Some of my chronology may be out of whack. This is because this project has started quite some time ago, and I’m copying and pasting what’s been done so far, so please bear with me.

The car was delivered this morning, just before 08:00 hrs. I was just about to leave for work.

Pretty clean, a depression in the rear bumper, left-hand side, about the size of a dime. I’ll get that fixed. It’s also missing a jacking point cover on the Votex skirt, left rear. Surprisingly, it’s still available from Audi, I expected it to be NLA.

I purchased a brand new battery from Audi too, tried starting it tonight. Just “click”. The starter motor is certainly drawing current, which suggests the motor is locked. Sounds like the timing belt’s bust. I can either pull the heads, and replace bent valves, or just get another 3.0 ASN / AVK and throw it in for now. My V8 swap won’t be happening until summer. Too cold to start it now, and building a V8 from the ground up, takes time…

With a snapped timing belt, I couldn’t really be bothered to pull the heads. My time is valuable, and if the carnage is worse than I thought, and any of the valves have snapped, the pistons would be a mess.

Since I want to swap in a built 077-series 4.2 V8 40V, to run boost, I’ll also be swapping the stock Tiptronic for an 01E 6-speed. I don’t want to fit the V8 just yet, as the weather’s changing, and building any naturally-aspirated motor to run boost will take time, and carefully selected parts, if done properly. I don’t want to stack gaskets.

I’m most likely going to purchase a complete B6 3.0 Quattro 6-speed manual, and simply yank out the motor and 01E, and shove it into B6 420-TS. At least, I can run the car as it is then, until summer.

I have measured the B6’s engine bay for length. It’s longer than that of the B5, that’s for sure, and I’ve managed to stuff V8 32/40V motors into those.

I washed the car today, so I could assess the paintwork. It was really filthy, and I wasn’t sure what I was going to find under all that grime. It’s actually pretty good. I might get a lower half paint, though, from the door mouldings down to the skirts.

The factory Votex kit is pretty good, I prefer it to the more common Ultrasport. The left-hand skirt was missing a jacking point cover at the rear, and it bugged me each time I looked at it. I called up Audi, to enquire about a replacement. Surprisingly, it was available as a separate part. The actual Votex kit is NLA, I purchased the last kit from Germany back in 2011, when I built my Ibis White car.

It’s supplied in grey primer, ready for paint. I also purchased a paint kit from Audi too, which is essentially a twin-pack. Base and clear coat, and after painting the cover, and letting it dry, I fitted it, so all good.

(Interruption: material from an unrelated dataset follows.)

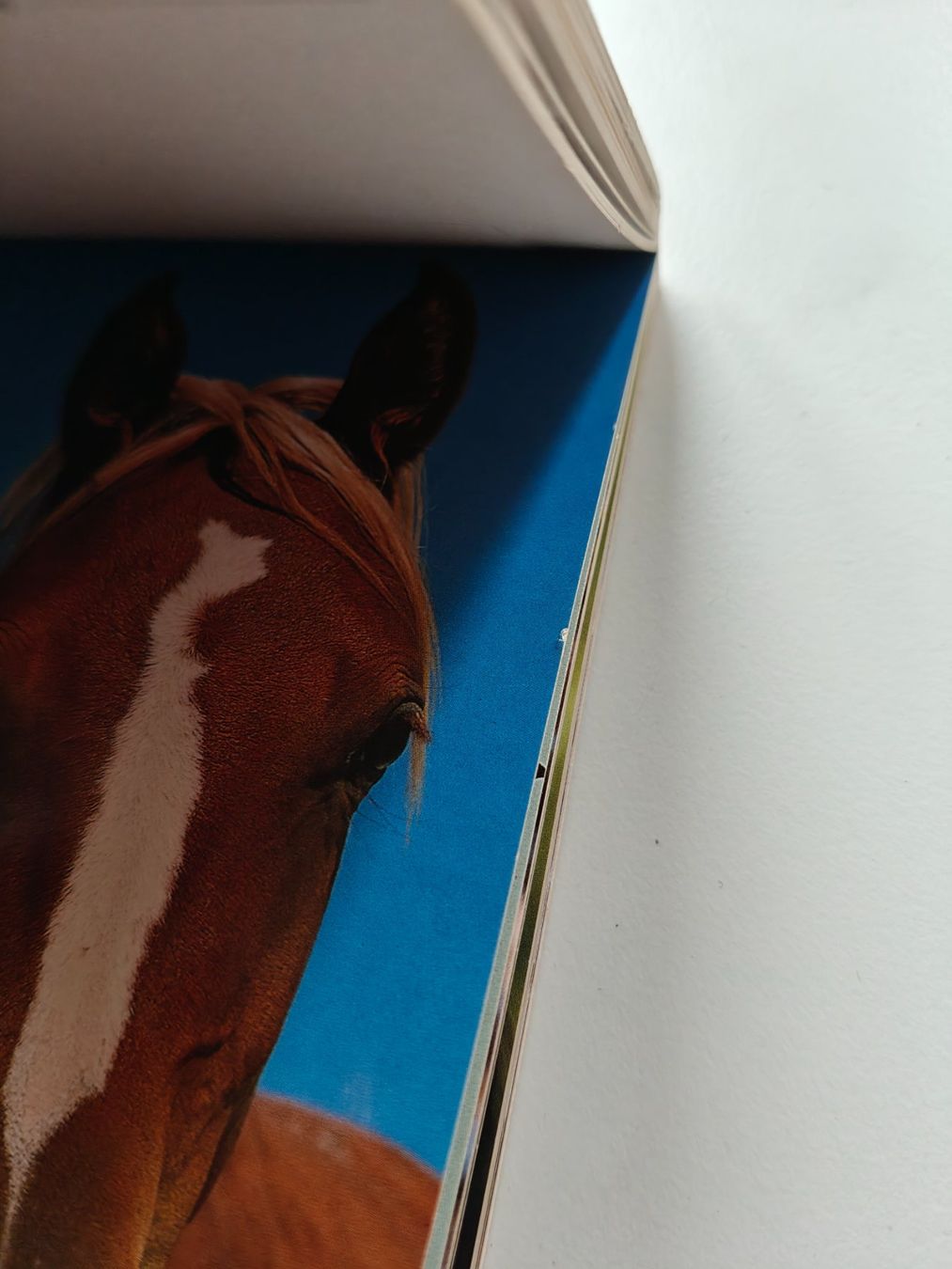 Cartoline: Pferde Postkarten 28. Stk. – Usato da Biglen venduto da oinkioink88 4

If this car was just a stock SE or Sport, without the Votex kit, I would have gone the B7 RS4 route. The panels, bumpers, skirts, grille and all that’s required are cheap enough, certainly cheaper than the same for the B5, by at least £3,244. But, I actually prefer the exclusivity of the original Votex cars, which are becoming increasingly rare. The Votex kit precedes the Ultrasport by at least 2 years, being mostly fitted to early B6 3.0 and a handful of 2.5 TDI V6 models.

Some pictures, after a darn good shampoo, dry and wax:
























Short-term plans, are…


OEM B6 S4 grille.
OEM B6 S4 door blades.
OEM Seat Leon Cupra R front lip - matches the profile of the B6’s Votex front lower bumper perfectly.
OEM Audi 8.5"x18" wheels, similar design to what’s currently on the car, but powder coated Pearl White.
OEM B6 Xenon headlamps.


OEM B8 S-Line leather interior, or from the current A3 Sport.
OEM B6 A4 instrument cluster, with colour DIS.
RNS-E / Audi Navigation Plus.
Carbon fibre belt line trim.
OEM B6/7 electric rear blind, or retrofit one from a B6 Volkswagen Passat Variant.
B7 ESP, FUNK and rear blind switches, and matching blanks, to lose the cup holder.

I’ve just pulled the trigger on another Audi.

2003 B6 Quattro Sport 3.0 Manual. Picking it up tonight, and I’ll be yanking out the engine and 6-speed manual, and fitting it to my Avant auto.

So, I picked up my donor B6 3.0 Quattro 6-speed manual, and drove her 205 miles home.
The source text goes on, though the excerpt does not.